Two-pore cation (TPC) channel: not a shorthanded one

Igor Pottosin A B C and Oxana Dobrovinskaya A
+ Author Affiliations
- Author Affiliations

A Centro Universitario de Investigaciones Biomédicas, Universidad de Colima, Av. 25 de julio 965, Villa de San Sebastián,Colima, Col. 28045, México.

B School of Land and Food, University of Tasmania, Private Bag 54, Hobart, Tas. 7001, Australia.

C Corresponding author.
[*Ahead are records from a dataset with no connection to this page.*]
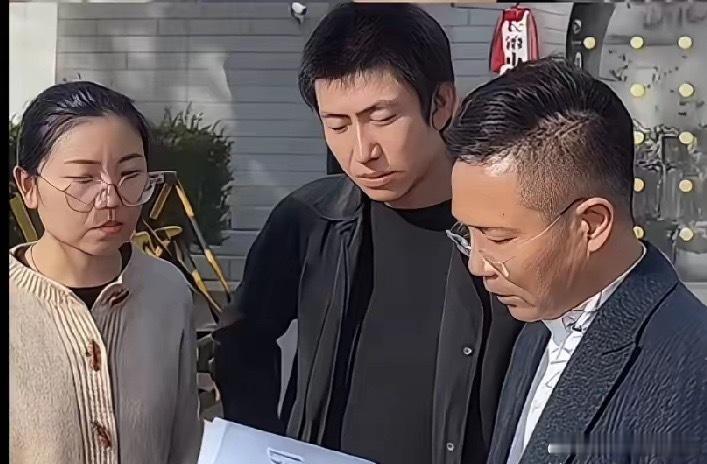 申家姐弟找李圣律师代理案件算是找对人了。申家弟弟说，那时候根本没有思路，直到网上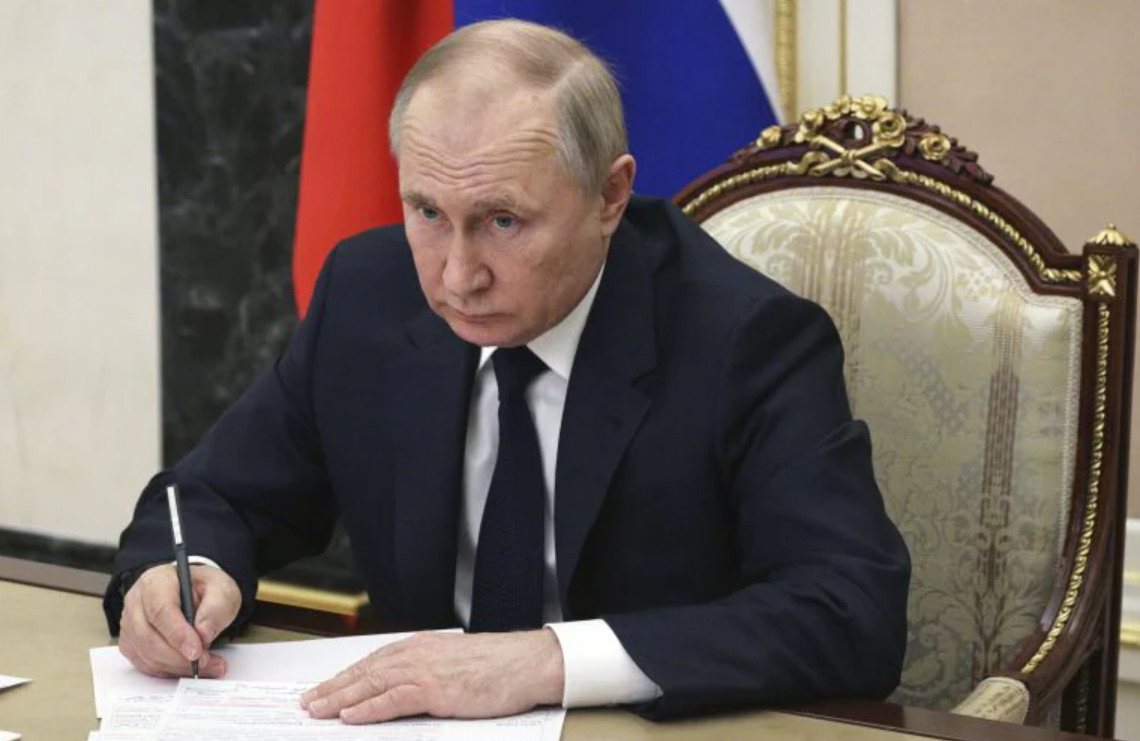 guerra Putin firma decreto fornitura gas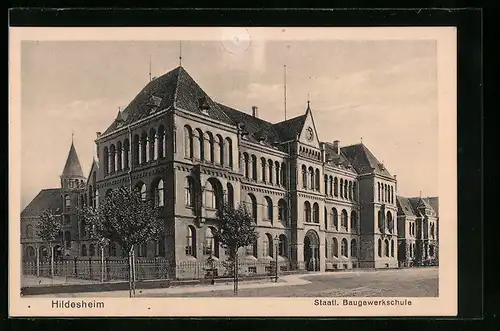 AK Hildesheim, Staatliche Baugwerkschule mit Strasse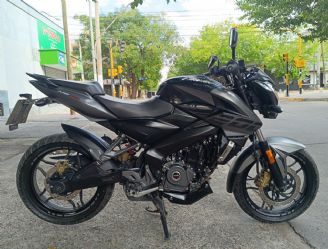 Bajaj Rouser Usada en Mendoza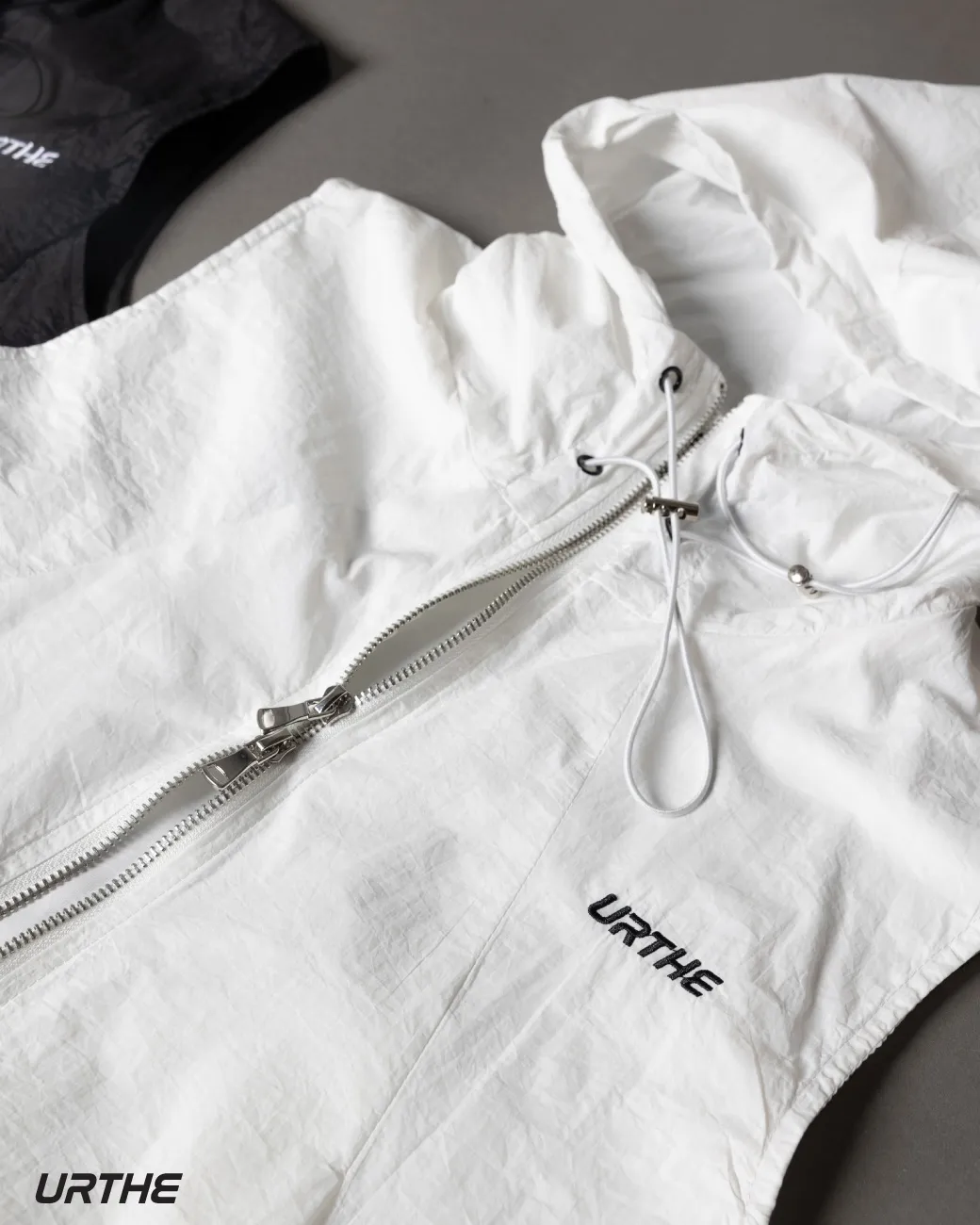 URTHE - เสื้อฮู้ดครอป เเขนกุด รุ่น SLVL HOODIE CROP สีขาว สีดำ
Email: pottosin@ucol.mx

This paper originates from a presentation at the Fourth International Symposium on Plant Signaling and Behavior, Komarov Botanical Institute RAS/Russian Science Foundation, Saint Petersburg, Russia, 1923 June 2016.

Functional Plant Biology 45(2) 83-92 https://doi.org/10.1071/FP16338
Submitted: 29 September 2016  Accepted: 5 November 2016   Published: 16 December 2016

Abstract

Two-pore cation (TPC) channels form functional dimers in membranes, delineating acidic intracellular compartments such as vacuoles in plants and lysosomes in animals. TPC1 is ubiquitously expressed in thousands of copies per vacuole in terrestrial plants, where it is known as slow vacuolar (SV) channel. An SV channel possesses high permeability for Na+, K+, Mg2+, and Ca2+, but requires high (tens of μM) cytosolic Ca2+ and non-physiological positive voltages for its full activation. Its voltage dependent activation is negatively modulated by physiological concentrations of vacuolar Ca2+, Mg2+and H+. Double control of the SV channel activity from cytosolic and vacuolar sides keeps its open probability at a minimum and precludes a potentially harmful global Ca2+ release. But this raises the question of what such’ inactive’ channel could be good for? One possibility is that it is involved in ultra-local Ca2+ signalling by generating ‘hotspots’ – microdomains of extremely high cytosolic Ca2+. Unexpectedly, recent studies have demonstrated the essential role of the TPC1 in the systemic Ca2+ signalling, and the crystal structure of plant TPC1, which became available this year, unravels molecular mechanisms underlying voltage and Ca2+ gating. This review emphasises the significance of these ice-breaking findings and sets a new perspective for the TPC1-based Ca2+ signalling.

Additional keywords: intracellular calcium, reactive oxygen species, ROS, salt stress, selectivity, wounding.